Here's Mike Scherer:
George Allen may well have been the only one at the rally whose family background would have introduced him to the word "macaca."
Though he doesn't like to use it, the senator's full name is George F. Allen. He gets the middle initial from his grandfather, Felix Lumbrosso, a French-Italian who was incarcerated by the Nazis during World War II. Felix raised Allen's mother, Etty, in Tunisia, a French protectorate in North Africa. As a child, Allen's grandparents lived near the family home, and Etty spoke five languages around the house. Allen makes no secret of his heritage on the campaign trail. "I have my grandfather's bloodlines," he said at a recent swing through a suburb of Richmond. "My grandfather is French-Italian. I have about one-sixteenth Spanish in me."

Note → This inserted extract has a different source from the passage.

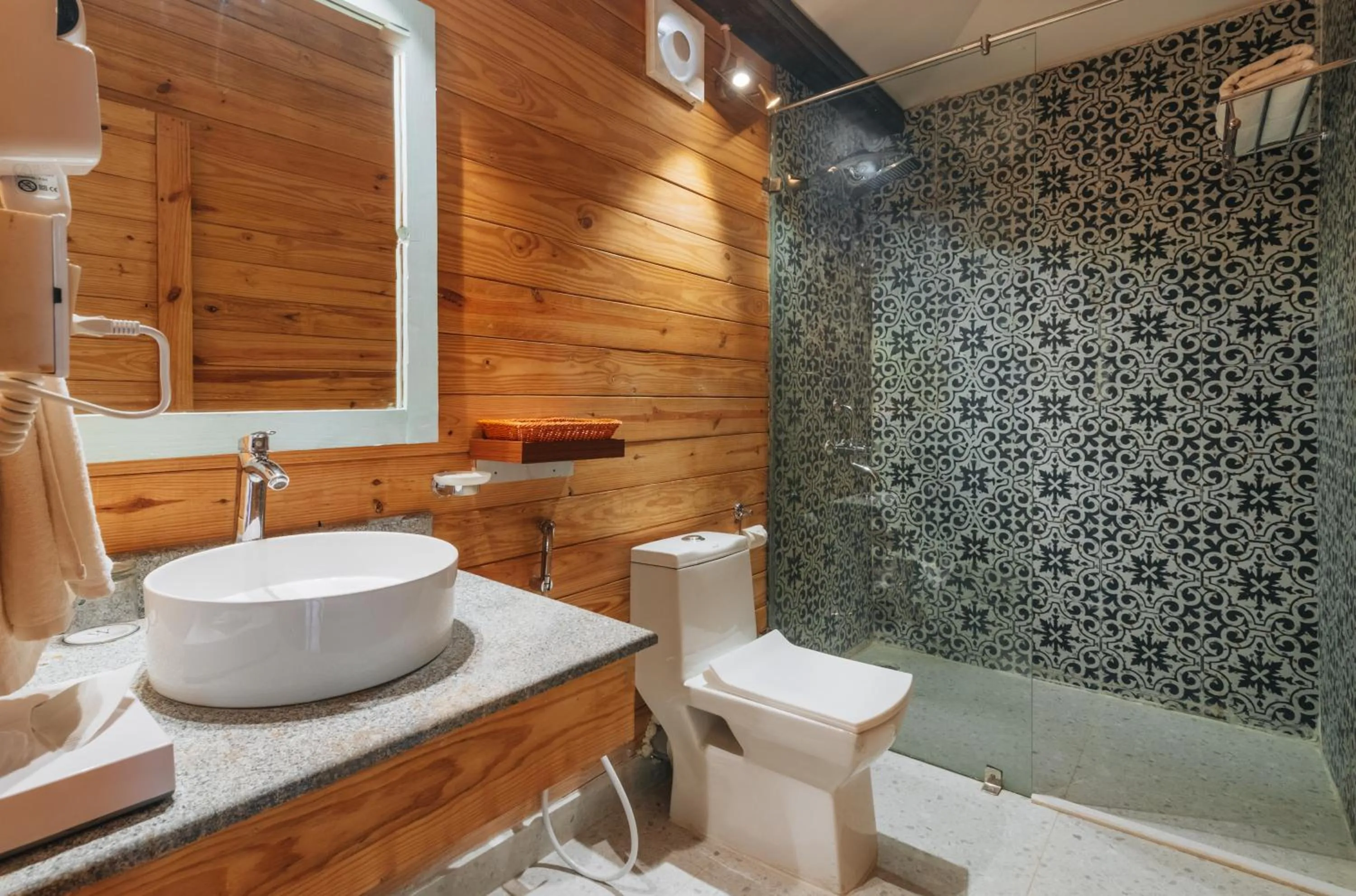 Bathroom in Stone Wood Premier Dandeli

In North Africa, the word "macaca," often spelled "macaco" or "macaque," is far more than a string of random syllables. According to the Oxford English Dictionary, the word dates back to the mid-1600s, as a Flemish approximation of the Bantu word for monkey in the Congo and southern Gabon. The word migrated north, taking on all the racist connotations that followed African colonization. By the early 1800s, Jacko Maccacco, a famous fighting monkey, could be found on display in Westminster Pit, a notorious London arena for dog fights. The word had entered the common vernacular, and it eventually became a racist shorthand for blacks.
Today, the word is used mainly by two groups of people: scientists studying African and Asian primates, and bullies looking to insult others for the color of their skin. An online dictionary of ethnic slurs lists "macaque" as a French and Belgian word for black North Africans. In the Oxford Spanish Dictionary, "macaco" and "macaca" carry the colloquial meaning of "little devil," "Chinaman" and "ugly person." Anthropologists who study Brazilian street slang have noted that the police will call the local kids "macaco," or monkey, in reference to their African heritage.